TASK INSTRUCTIONS -> Skip the pictures. Return exactly the lines from the one containing "More Votes Counted" through the end of the entries below.
++++ DATA FOR PROCESSING ++++
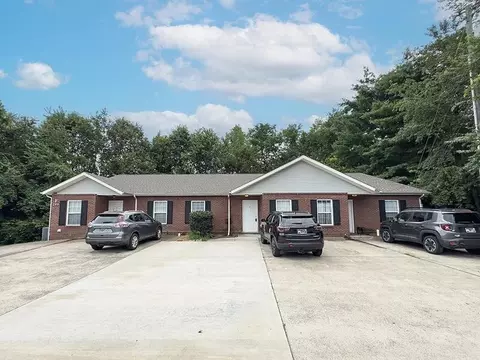29 9 #F3, Clarksville, TN 37040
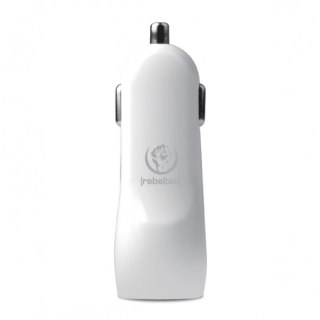 Rebeltec ładowarka samochodowa High Speed DUAL A20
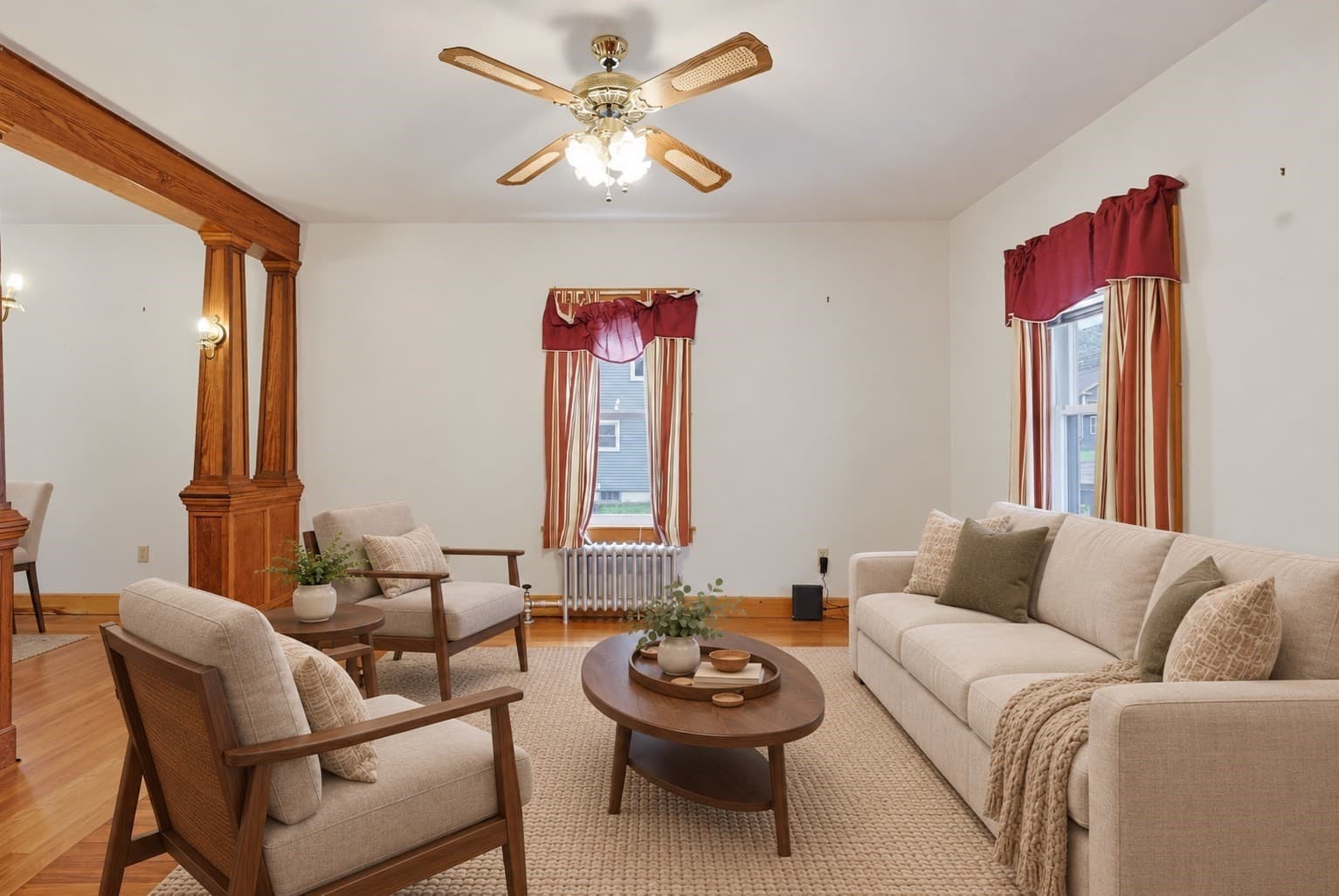 Single Family Residence at 1473 Park St., Attleboro MA 02703, Attleboro, photo 23 of 38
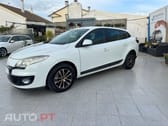 Renault Mégane 1.5 dCi Limited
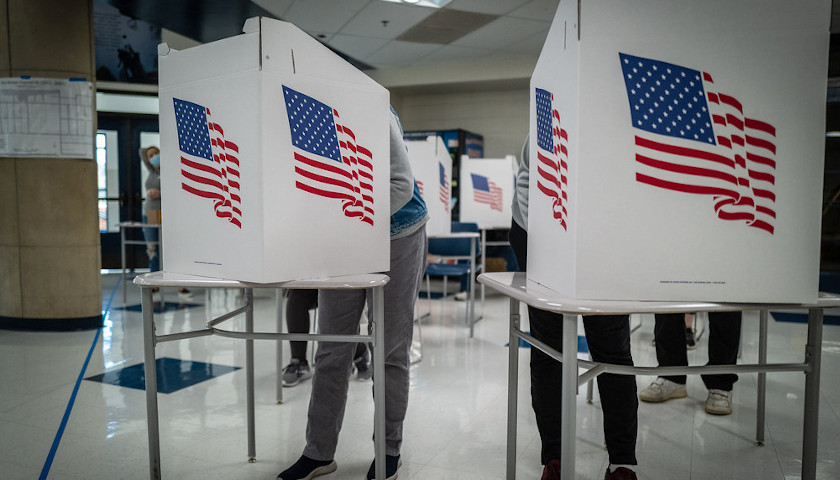 More Votes Counted Than Cast in Nevada 2020 General Election, Analysis of Voting Files Shows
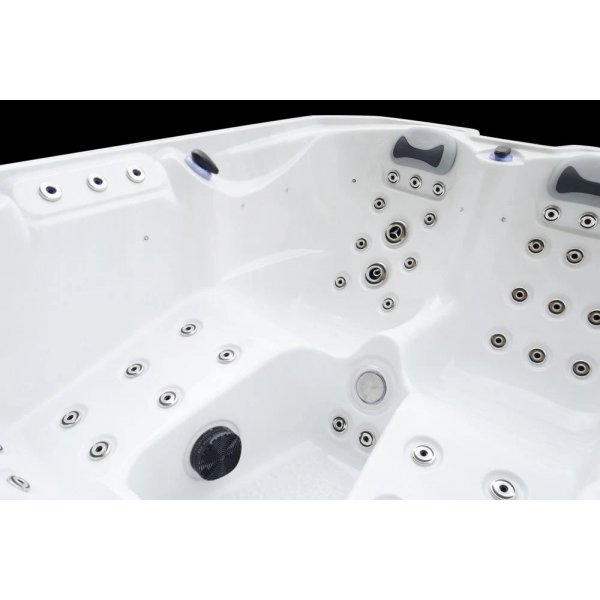 Spa-Reinigung SR808A Spa-Reinigung SR808A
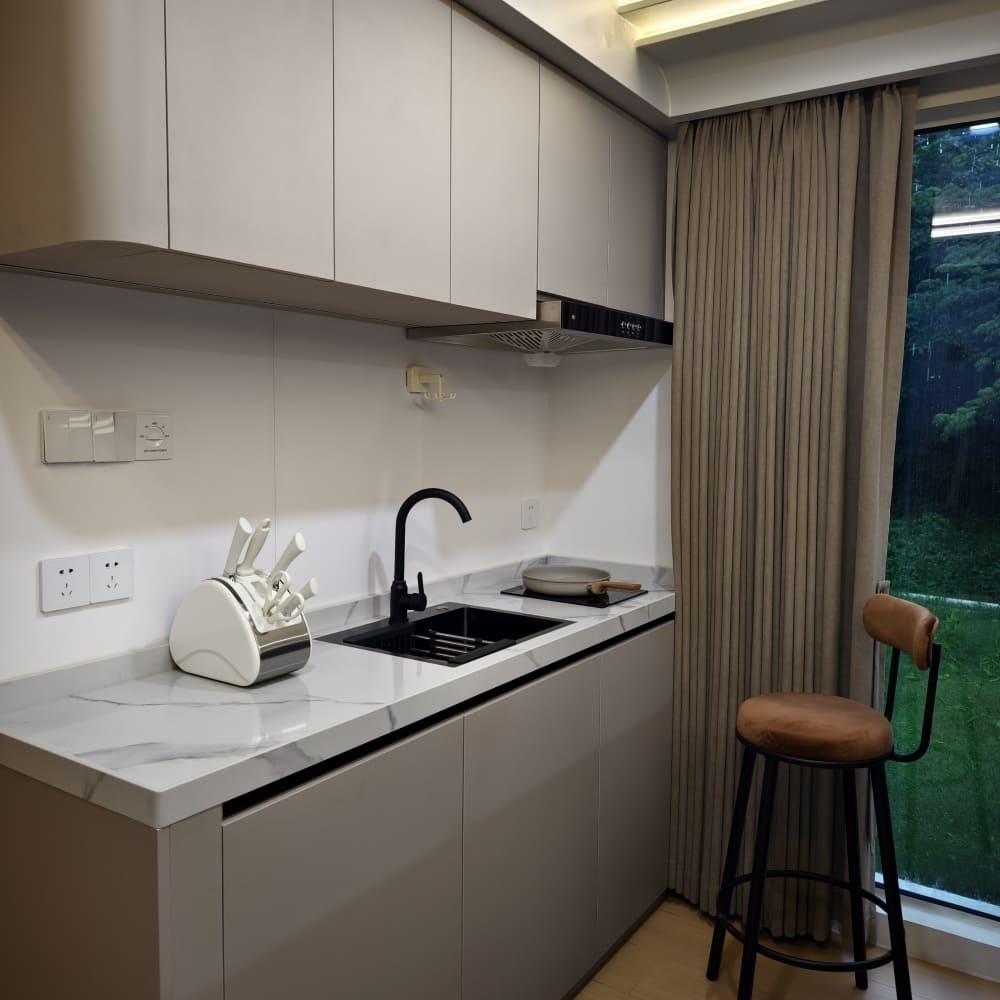 Capsule House Model D8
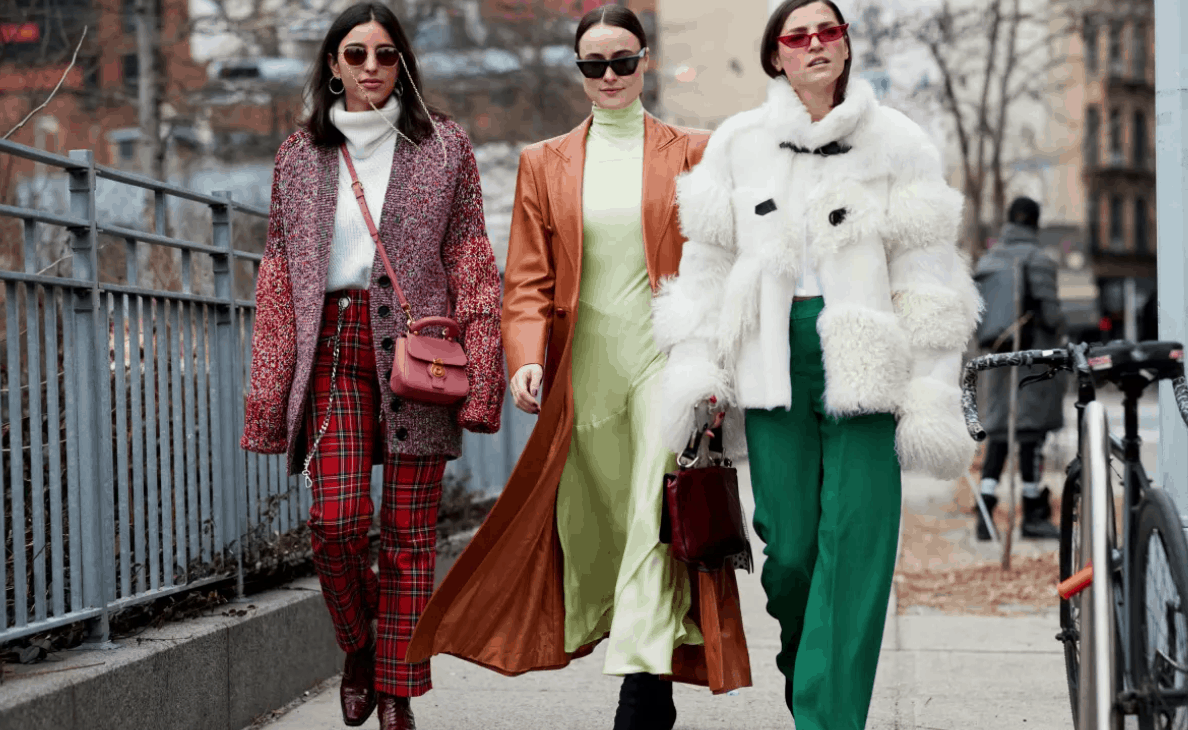 The Best Fall Fashion Trends to Invest in This Season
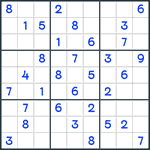 Sudoku #466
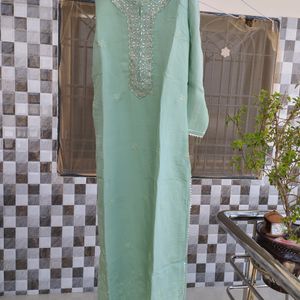 Kurti Pent Pair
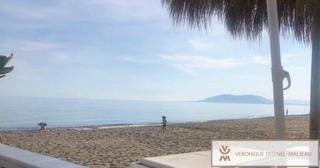 Terreno residencial  Barlovento. Terreno en venta en torre de benagalbón.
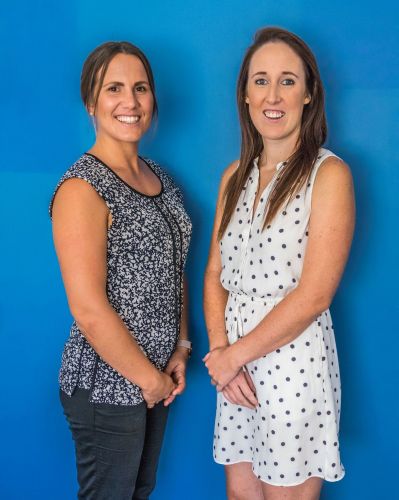 The Osteopath - Renee 0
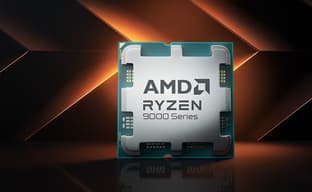 AMD supera a Intel en las principales ventas de Amazon. El procesador 5700X3D se convierte en el líder absoluto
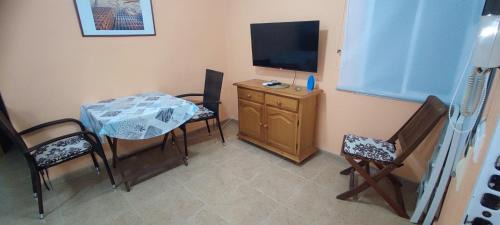 Vera Beach Apartment | Villa Mariposa, urbanizacion naturista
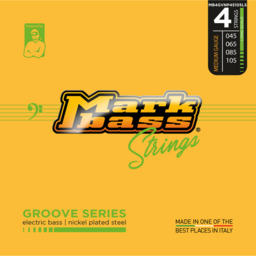 Markbass Groove 4s
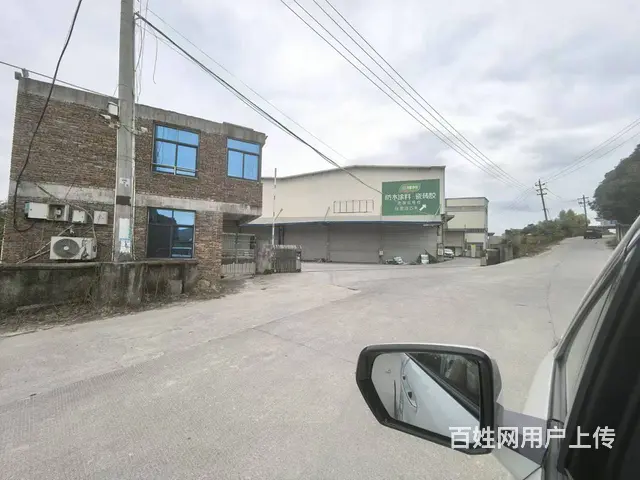 D9 I58 6O36 6696南安北高速口附近 带5吨航吊 - 图片 3
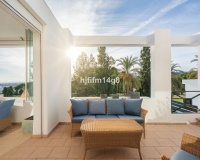 Resale - apartment - Benahavís - La Quinta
++++
OUTPUT FOR THIS EXERCISE ->
 More Votes Counted Than Cast in Nevada 2020 General Election, Analysis of Voting Files Shows
 Spa-Reinigung SR808A Spa-Reinigung SR808A
 Capsule House Model D8
 The Best Fall Fashion Trends to Invest in This Season
 Sudoku #466
 Kurti Pent Pair
 Terreno residencial  Barlovento. Terreno en venta en torre de benagalbón.
 The Osteopath - Renee 0
 AMD supera a Intel en las principales ventas de Amazon. El procesador 5700X3D se convierte en el líder absoluto
 Vera Beach Apartment | Villa Mariposa, urbanizacion naturista
 Markbass Groove 4s
 D9 I58 6O36 6696南安北高速口附近 带5吨航吊 - 图片 3
 Resale - apartment - Benahavís - La Quinta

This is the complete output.